Work instructions:
Of the lines listed below, return exactly those that run from the line containing "Funny Mushroom Character" through the line containing "Karte des Postleitzahlen", both included.

*** Opening of Input data ***

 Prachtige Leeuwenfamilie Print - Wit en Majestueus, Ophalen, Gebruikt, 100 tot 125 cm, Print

*** Close of Input data ***
*** Opening of Input data ***

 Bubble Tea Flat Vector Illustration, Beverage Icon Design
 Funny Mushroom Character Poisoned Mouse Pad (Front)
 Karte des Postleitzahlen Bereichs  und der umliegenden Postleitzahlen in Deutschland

*** Close of Input data ***

Solution to this problem:
 Funny Mushroom Character Poisoned Mouse Pad (Front)
 Karte des Postleitzahlen Bereichs  und der umliegenden Postleitzahlen in Deutschland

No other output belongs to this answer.